Ähnlich wie Vertreter der Op-Art oder der Kinetischen Kunst spielt Kressnig auch mit dem Phänomen der menschlichen Perzeption. Die Betrachter sind aufgefordert, sich partizipatorisch vor der großen zweiteiligen Arbeit zu verhalten. Nur durch das Einnehmen unterschiedlicher Blickachsen und die aktive Bewegung vor dem Bildkörper können die perspektivisch-geometrischen Verwerfungen und räumlichen Suggestionen im Motiv gänzlich erfasst werden. Durch den keilförmigen Bildträger des Diptychons – der Rahmen verjüngt sich in seiner Tiefe von unten nach oben – mutet die Arbeit in ihrer Neigung nach hinten schief an. Auch im Motiv selbst verlässt Kressnig den rechten Winkel, sodass es im Verhältnis zum Bildträger leicht verzogen bzw. gekippt erscheint, was im Sinne der optischen Kunst zu weiteren Irritationen in der Wahrnehmung der Betrachter führt.

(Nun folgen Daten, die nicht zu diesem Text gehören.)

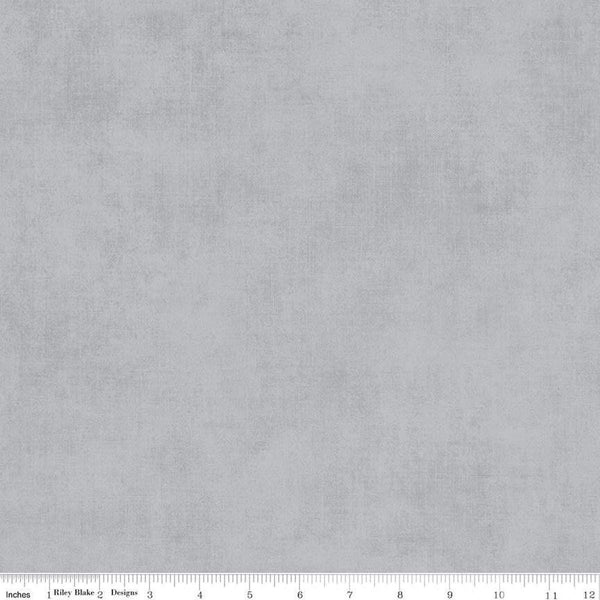 Image of the Shades Silver quilting cotton fabric by Riley Blake Designs. Features a light grey fabric with a mottled semisold background. 
Cute Little Fabric Shop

Eric Kressnig konzentriert sich auf die haptischen und ästhetischen Qualitäten der verwendeten Materialien und Farben und nutzt auf vielfältige Weise geometrisches Formenvokabular als Handwerkszeug für die bildnerische Strukturierung seiner Werke. Es geht ihm um das Konstruktive, um offene Strukturen im Raum und um die motivische Verdichtung des Raums. Auf geschickte Weise bezieht Kressnig immer wieder Elemente des direkten Umraumes mit ein. Ganz wichtig ist ihm der Weg von der Wand, auf der zuweilen farbliche Reflexionen der bemalten Seitenkanten in ephemerer Art und Weise zu Tage treten, über den Bildkörper zur Fläche, die wiederum durch Tiefenillusionen in den Raum zurückdrängt.
Der Künstler sucht stetig die innere Logik seiner durchkonstruierten Arbeiten malerisch zu erfassen, lässt partiell den Leinenstoff unbehandelt respektive nur mit einer transparenten Imprägnierung versehen stehen und verwendet ihn gleichsam als Farbe. Somit verwendet Kressnig Farbe als Material und unterzieht sie nicht wie viele der konkreten Kunst nahestehenden Künstler einem analytischen Prozess. Vielmehr dient seine subjektive Farbwahl, jenseits eines ideologischen Korsetts, als Instrument zur Steigerung des Objekthaften.